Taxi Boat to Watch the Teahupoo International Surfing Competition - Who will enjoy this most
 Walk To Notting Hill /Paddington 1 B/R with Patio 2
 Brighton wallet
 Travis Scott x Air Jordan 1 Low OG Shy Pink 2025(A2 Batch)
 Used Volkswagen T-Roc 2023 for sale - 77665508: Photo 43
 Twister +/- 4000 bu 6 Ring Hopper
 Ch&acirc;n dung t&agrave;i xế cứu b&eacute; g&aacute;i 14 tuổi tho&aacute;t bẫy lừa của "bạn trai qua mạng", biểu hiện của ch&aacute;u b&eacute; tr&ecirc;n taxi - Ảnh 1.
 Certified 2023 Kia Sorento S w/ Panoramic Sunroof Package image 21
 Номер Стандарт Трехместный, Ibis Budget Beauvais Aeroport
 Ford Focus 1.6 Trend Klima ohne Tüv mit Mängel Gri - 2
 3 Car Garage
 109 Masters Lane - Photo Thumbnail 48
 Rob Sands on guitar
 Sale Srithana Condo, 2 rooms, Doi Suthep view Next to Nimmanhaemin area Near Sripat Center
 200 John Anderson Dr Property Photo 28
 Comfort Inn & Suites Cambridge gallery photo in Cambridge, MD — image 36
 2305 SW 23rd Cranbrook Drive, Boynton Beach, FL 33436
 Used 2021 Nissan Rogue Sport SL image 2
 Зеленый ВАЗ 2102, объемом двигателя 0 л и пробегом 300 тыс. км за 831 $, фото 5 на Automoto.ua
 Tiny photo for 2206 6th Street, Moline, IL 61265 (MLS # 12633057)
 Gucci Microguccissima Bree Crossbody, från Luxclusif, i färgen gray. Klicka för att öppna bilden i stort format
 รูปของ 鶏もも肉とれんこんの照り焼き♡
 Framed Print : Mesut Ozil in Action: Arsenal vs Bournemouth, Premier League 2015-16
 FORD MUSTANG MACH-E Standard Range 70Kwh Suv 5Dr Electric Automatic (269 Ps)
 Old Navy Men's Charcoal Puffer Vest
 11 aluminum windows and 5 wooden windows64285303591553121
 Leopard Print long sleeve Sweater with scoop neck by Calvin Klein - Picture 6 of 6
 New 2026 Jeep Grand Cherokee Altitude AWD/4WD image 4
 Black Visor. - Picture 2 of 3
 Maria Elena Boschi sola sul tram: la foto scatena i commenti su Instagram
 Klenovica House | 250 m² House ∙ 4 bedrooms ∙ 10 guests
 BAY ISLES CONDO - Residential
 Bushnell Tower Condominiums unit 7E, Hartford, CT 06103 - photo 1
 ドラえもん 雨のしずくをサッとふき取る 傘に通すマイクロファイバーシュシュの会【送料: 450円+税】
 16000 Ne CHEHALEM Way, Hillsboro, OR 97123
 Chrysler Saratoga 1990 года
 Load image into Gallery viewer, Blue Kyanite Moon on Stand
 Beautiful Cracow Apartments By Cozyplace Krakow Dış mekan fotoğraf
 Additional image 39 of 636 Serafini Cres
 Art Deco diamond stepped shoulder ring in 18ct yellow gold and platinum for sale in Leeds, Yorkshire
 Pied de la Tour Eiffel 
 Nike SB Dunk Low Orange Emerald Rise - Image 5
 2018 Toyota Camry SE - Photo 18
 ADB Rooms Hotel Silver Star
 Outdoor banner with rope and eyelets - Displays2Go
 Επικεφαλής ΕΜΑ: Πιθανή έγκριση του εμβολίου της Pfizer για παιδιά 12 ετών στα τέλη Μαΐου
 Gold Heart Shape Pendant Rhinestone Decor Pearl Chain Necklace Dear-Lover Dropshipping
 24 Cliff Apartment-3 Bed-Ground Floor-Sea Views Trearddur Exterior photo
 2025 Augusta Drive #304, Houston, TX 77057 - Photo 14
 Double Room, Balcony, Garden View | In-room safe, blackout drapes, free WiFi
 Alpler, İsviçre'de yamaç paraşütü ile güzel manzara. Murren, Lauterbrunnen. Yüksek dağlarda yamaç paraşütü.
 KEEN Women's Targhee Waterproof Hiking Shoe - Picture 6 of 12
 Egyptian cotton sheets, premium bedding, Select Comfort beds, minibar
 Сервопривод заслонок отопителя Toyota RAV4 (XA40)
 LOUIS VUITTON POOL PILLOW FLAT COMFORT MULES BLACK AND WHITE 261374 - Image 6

*****

→ **PROBLEM STATEMENT**: The lines from the one containing "Black Visor. - Picture 2 of 3" through the final line of the entries above are to be printed exactly, with nothing added.

→ **SOLUTION FOR THIS TASK**:
 Black Visor. - Picture 2 of 3
 Maria Elena Boschi sola sul tram: la foto scatena i commenti su Instagram
 Klenovica House | 250 m² House ∙ 4 bedrooms ∙ 10 guests
 BAY ISLES CONDO - Residential
 Bushnell Tower Condominiums unit 7E, Hartford, CT 06103 - photo 1
 ドラえもん 雨のしずくをサッとふき取る 傘に通すマイクロファイバーシュシュの会【送料: 450円+税】
 16000 Ne CHEHALEM Way, Hillsboro, OR 97123
 Chrysler Saratoga 1990 года
 Load image into Gallery viewer, Blue Kyanite Moon on Stand
 Beautiful Cracow Apartments By Cozyplace Krakow Dış mekan fotoğraf
 Additional image 39 of 636 Serafini Cres
 Art Deco diamond stepped shoulder ring in 18ct yellow gold and platinum for sale in Leeds, Yorkshire
 Pied de la Tour Eiffel 
 Nike SB Dunk Low Orange Emerald Rise - Image 5
 2018 Toyota Camry SE - Photo 18
 ADB Rooms Hotel Silver Star
 Outdoor banner with rope and eyelets - Displays2Go
 Επικεφαλής ΕΜΑ: Πιθανή έγκριση του εμβολίου της Pfizer για παιδιά 12 ετών στα τέλη Μαΐου
 Gold Heart Shape Pendant Rhinestone Decor Pearl Chain Necklace Dear-Lover Dropshipping
 24 Cliff Apartment-3 Bed-Ground Floor-Sea Views Trearddur Exterior photo
 2025 Augusta Drive #304, Houston, TX 77057 - Photo 14
 Double Room, Balcony, Garden View | In-room safe, blackout drapes, free WiFi
 Alpler, İsviçre'de yamaç paraşütü ile güzel manzara. Murren, Lauterbrunnen. Yüksek dağlarda yamaç paraşütü.
 KEEN Women's Targhee Waterproof Hiking Shoe - Picture 6 of 12
 Egyptian cotton sheets, premium bedding, Select Comfort beds, minibar
 Сервопривод заслонок отопителя Toyota RAV4 (XA40)
 LOUIS VUITTON POOL PILLOW FLAT COMFORT MULES BLACK AND WHITE 261374 - Image 6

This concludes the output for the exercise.